Man weiß nicht, welche Gedanken Vettel kamen beim Wandern. Aber nachdem er wieder im Tal angekommen war, lief er in ein Studio von Servus-TV, einem weiteren Auswuchs von Mateschitz' Imperium. Vettel traf auf Christian Horner, Teamchef von Red Bull, der auch mal Vettels Chef war. Und auf Max Verstappen, 22, seinem Thronfolger bei Red Bull. Dort, im Studio, erzählte Vettel ein weiteres Mal, wie gerne er weiterfahren würde. Er sei ehrgeizig. Motorsport sei sein Leben. "Mit der richtigen Aufgabe und dem richtigen Platz würde ich mich nach wie vor sehr zuhause fühlen in einem Formel-1-Auto."

Die Leute von Ferrari, die ihn anstelle von Verhandlungen mit Schweigen bedachten, bieten diesen Platz nicht mehr. Mercedes? Da gab es nach warmen Worten von Teamchef Toto Wolff eine klare Absage von Konzernchef Ola Källenius. Zwar seien beide Plätze im Mercedes noch frei, weiß Vettel. "Aber wenn Lewis weitermachen will, ist klar, dass er weitermachen kann. Und bei Valtteri ist es nach seinem Sieg am Wochenende ähnlich."

Alonso kehrt zurück - aber was wird aus Vettel?

Renault, wo in dieser Woche Fernando Alonso, 38, für seine letzten Ausfahrten in den Sonnenuntergang unterschrieb? Kam für Vettel nie ernsthaft in Betracht: Nicht etwa, weil das Team sportlich im Mittelfeld zu finden ist. Sondern weil seine Struktur jener bei Ferrari ähnelt. Die ihn, wie er sagte, in den vergangenen fünf Jahren "viel Kraft gekostet hat". Red Bull? Wäre perfekt. Gab Vettel zu. Mateschitz, Horner und vor allem Marko, der stets Vettels Vertrauter geblieben ist, würden den verlorenen Sohn wohl gar mit offenen Armen in Empfang nehmen. Jetzt, da der erkannt hat, dass die Welt südlich der Alpen zwar groß, aber auch hundsgemein ist.

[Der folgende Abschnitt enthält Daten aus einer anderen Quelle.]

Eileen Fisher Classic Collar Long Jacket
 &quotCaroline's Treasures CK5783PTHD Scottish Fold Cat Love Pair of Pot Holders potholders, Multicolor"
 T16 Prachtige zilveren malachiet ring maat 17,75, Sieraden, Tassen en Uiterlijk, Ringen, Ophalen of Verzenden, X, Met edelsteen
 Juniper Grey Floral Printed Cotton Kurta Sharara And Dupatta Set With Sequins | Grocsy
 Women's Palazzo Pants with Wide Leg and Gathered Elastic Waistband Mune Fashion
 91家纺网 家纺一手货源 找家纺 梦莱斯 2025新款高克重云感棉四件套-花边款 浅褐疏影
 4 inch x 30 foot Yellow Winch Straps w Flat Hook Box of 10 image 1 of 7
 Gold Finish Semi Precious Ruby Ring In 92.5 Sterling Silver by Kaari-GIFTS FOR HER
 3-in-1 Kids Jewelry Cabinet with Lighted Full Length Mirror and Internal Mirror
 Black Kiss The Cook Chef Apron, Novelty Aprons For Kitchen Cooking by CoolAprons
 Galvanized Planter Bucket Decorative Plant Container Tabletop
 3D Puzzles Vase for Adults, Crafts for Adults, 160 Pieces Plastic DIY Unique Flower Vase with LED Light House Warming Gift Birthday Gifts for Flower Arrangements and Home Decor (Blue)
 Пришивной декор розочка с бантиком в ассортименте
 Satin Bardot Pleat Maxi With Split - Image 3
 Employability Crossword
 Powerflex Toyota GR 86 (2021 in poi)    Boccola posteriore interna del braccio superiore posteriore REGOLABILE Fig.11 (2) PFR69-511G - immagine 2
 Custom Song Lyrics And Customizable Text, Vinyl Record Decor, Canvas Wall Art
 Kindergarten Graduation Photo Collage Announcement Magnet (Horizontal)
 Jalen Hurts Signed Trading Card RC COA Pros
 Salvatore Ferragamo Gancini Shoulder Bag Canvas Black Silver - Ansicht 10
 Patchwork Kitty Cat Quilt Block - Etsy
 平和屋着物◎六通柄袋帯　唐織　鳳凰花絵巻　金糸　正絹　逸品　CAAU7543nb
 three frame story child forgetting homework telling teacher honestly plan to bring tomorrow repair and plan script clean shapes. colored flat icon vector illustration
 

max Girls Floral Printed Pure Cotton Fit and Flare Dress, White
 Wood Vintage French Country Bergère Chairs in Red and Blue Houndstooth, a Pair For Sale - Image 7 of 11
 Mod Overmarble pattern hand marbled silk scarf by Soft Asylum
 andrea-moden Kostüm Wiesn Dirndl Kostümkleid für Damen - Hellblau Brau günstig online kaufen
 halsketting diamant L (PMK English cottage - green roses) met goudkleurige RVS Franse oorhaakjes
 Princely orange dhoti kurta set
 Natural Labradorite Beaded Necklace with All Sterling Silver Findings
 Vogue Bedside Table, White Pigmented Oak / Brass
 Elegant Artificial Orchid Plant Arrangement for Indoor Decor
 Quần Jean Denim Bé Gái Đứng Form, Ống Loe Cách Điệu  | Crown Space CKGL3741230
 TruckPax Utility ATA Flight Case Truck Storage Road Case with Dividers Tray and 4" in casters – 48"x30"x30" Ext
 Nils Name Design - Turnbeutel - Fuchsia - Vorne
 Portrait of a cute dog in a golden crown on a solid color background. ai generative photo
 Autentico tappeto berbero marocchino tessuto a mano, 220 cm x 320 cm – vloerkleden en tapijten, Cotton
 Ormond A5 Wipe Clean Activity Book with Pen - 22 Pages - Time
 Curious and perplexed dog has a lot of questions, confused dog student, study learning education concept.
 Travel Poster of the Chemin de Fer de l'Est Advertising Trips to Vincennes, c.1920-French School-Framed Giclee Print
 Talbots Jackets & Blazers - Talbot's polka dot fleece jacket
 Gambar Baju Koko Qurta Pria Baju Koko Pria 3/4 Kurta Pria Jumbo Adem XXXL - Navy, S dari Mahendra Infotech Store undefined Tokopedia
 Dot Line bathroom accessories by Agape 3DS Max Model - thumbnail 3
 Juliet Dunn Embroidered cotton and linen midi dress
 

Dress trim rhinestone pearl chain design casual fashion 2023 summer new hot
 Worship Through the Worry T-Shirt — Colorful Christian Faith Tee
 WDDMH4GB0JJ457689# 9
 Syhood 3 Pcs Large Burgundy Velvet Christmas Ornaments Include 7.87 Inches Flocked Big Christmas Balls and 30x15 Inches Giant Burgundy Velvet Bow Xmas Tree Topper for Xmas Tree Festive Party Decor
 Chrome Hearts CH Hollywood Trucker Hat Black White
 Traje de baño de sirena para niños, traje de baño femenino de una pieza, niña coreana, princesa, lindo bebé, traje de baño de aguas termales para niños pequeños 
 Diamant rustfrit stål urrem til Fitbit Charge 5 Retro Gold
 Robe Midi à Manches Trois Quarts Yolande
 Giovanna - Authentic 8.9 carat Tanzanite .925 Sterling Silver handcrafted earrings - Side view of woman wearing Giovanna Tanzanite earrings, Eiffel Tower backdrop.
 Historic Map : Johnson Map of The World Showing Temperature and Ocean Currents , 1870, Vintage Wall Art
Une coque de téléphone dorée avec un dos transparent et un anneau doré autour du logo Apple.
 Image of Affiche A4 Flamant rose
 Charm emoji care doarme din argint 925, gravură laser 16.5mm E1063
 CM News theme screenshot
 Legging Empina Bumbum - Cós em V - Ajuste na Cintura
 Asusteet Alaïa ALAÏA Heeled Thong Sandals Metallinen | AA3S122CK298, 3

Aber es gibt ein Problem, weswegen ihm sowohl Horner ("Ich fürchte, das ist ein entschiedenes Nein") als auch sein Freund Marko absagten: An der Seite von Verstappen ist kein Platz für einen Heißsporn, der bei Red Bull schon mit dem weit langsameren Kollegen Mark Webber aneinandergeriet. Auch aus einem zweiten, pikanteren Grund, den Marko bei Auto, Motor und Sport ausplauderte: Verstappens Teamkollege Alex Albon sei zur Hälfte Thailänder. "Und Red Bull gehört zu 51 Prozent Thailändern." Welch Pointe!

Sie ist erklärungsbedürftig, beginnt im Jahr 1982 an einer Bar in Hongkong: Damals orderte ein der Welt unbekannter Handelsvertreter für Zahnpasta ein asiatisches Getränk namens "Krating Daeng". Das ist thailändisch, bedeutet "roter Stier". Der Drink beinhaltete Koffein und Taurin, eine organische Säure, die aus der Galle eines Ochsen isoliert wurde. Und er half Dietrich Mateschitz, seinen Jetlag zu überwinden. Er nahm Kontakt zu den Besitzern auf, passte die Rezeptur um ein paar Nuancen an. Und schon ging es los mit Red Bull. Der Vertrag, den Mateschitz schloss, hatte einen Haken: Er wurde Minderheitseigentümer, 51 Prozent von Red Bull gehören der thailändischen Familie Yoovidhya.

Vor fast 40 Jahren schloss Mateschitz einen Deal, der den Rennfahrer Vettel groß machte. Und der ihm nun gleichermaßen die Rückkehr in seine alte Heimat verwehrt.

Der Weg zu Red Bull, sagte Vettel nun, "ist kein weiter Weg". Manchmal aber sind ja die kurzen Wege die steinigsten.